I was just slightly disappointed to see yet another variation on the “I dont ned skewl cos I so smart alreddy” lameness. It’s been done. There are so many people on FB that surely there must be something new out there.
Bluhevs, if you are so convinced that there is original material out there, i encourage you to seek it out, start your own fucking website, update it 2-3 times a day, and put up with all the shit that people comment with…and then keep updating the site. Then fist yourself.
Tell me, someone, is it possible to cast your opinion online without having your throat ripped out by hand? (Or the written equivalent, see above.)
While I don’t insist you all agree with me, there’s no need to disagree so… violently.
I know it’s not the Lamebook peeps fault that all they get submitted to them is the same stuff over and over. Meaning it’s a case of repeat themselves or do nothing, and I’m sure we’d all be a bit peeved if this site stopped updating completely.
I was merely commenting on the repetition of the same kind of lameness. But since it fits with the theme of the site, I apologise for pissing people off so badly.
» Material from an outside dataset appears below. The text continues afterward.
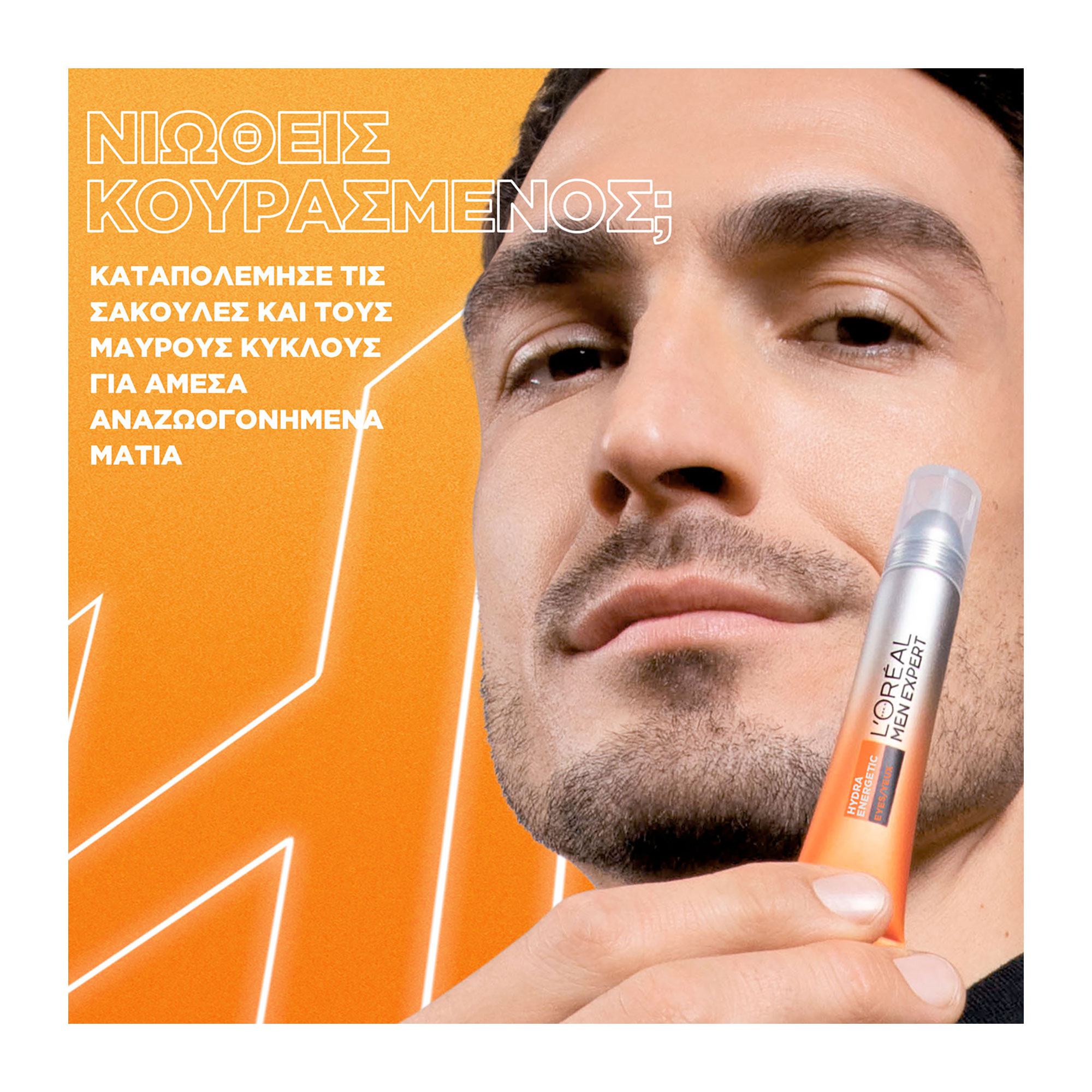 L'Oreal Men Expert Hydra Energetic Roll On Ματιών 10ml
Look, I’m from Australia, so I’ve got whinging down to a fucking science. What you need to do to escape being fisted… violently… on the internet, is to inject a bit of personality into your gripe. No one wants to see boring variants of “fake”, or “I’ve seen this before”. Pimp it up a bit, love.
bluhevs you are welcome to fuck me anytime you want. Release all the frustration and anger felt from your many shortcomings and just rip my cunt apart. Then, after it has lost all its tread, slide on in to my stinker and just pump it until I feltch all over your balls.
you cannot feltch ‘all over someone’s balls’ unless those balls happen to be shoved into an anus.
miley, I’m seriously beginning to suspect that you are not, in fact, a hypersexual being who is up for anything, anytime – but are merely just highly skilled internet liar.
There, I said it.
Miley is wrong in quite a lot of levels – but specifically with the felching business….
To suck semen from an orifice after it has been deposited there. Most likely the anus but may also be referred to using the vagina. This act is not limited to humans, and may include animals.
Scarred for life, not only having to read/involuntarily picture this act, but then to type it out.
Key word in description is *suck*, i’m sure you wait with baited breath for me to finally find the term that means to fart it back out
(coz thats totally not what i’ve been doing for most of my morning!)
And by ‘not what i’m doing’ i mean searching for meaning, not felching……….erm wait a minute, now i’m confusing myself :-/
If i have not ‘not been felching’ double negative confirms i have???
To clarify – i have NOT been felching
I have not NOT been googling ‘what do you call farting spunk out your arse’
(mental note, delete internet history before partner gets home, don’t want him getting any funny ideas)
If thats the kinda shit he likes we’re in serious trouble
Mind you, i may screenshot and text him some of my findings. The amount thats on the internets about it, it seems maybe i am the abnormal one for not being up on the ole lingo.
Plus, i still have to make up for that time i ‘accidently’ slapped him so hard on the ear he cldn’t hear out it for 2 days, after he ‘accidentally’ put something somewhere i had made it clear it wasn’t to go.